Dutch Garden Sculpture representing Apollo Musagetes

Apollo Musagetes, here depicted in a classic contrapposto, was the embodiment of male beauty and, attributed with lyre and laurel wreath, patron of poetry and music. The left engaged leg firmly on the ground, the relaxed leg resting on a rock. On his right arm the lyre that he is playing with his left hand. His head donned with a wreath and clad in a robe that reveals his objectification of masculine pulchritude.

Apollo Musagetes is one of the appearances of Apollo. In this character he resides on Mount Parnassus with the muses, dedicated to poetry and music. In iconographical tradition the lyre appears from about 650 BCE onwards as an attribute to Apollo and in sculpture from the 4th century CE onwards Apollo is depicted as the standard of male beauty: a slender virile young man.
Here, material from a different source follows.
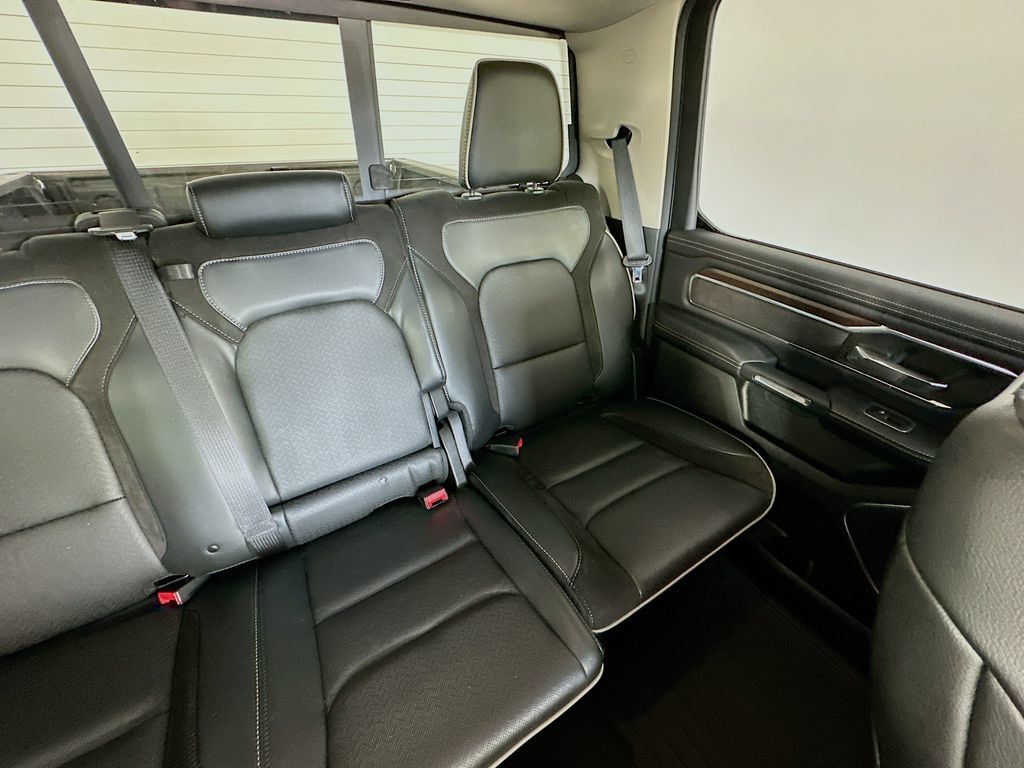 Used 2022 RAM 1500 Laramie AWD/4WD image 14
The Greek sculptor Praxiteles depicted Apollo in his different appearances, among which Apollo Musagetes. Although he was not depicted in medieval times in the Christian world, Apollo was one of the few classic deities that did not suffer from negative allegories: he embodied beauty, composedness, proportion, and harmony thus opposing him to evil and injustice. From the Italian Renaissance onwards, he is once again depicted in all his appearances; as Phoibos Apollo the sungod, as Apollo Medicus, and as Apollo Musagetes. At tradition that continues firmly into Baroque.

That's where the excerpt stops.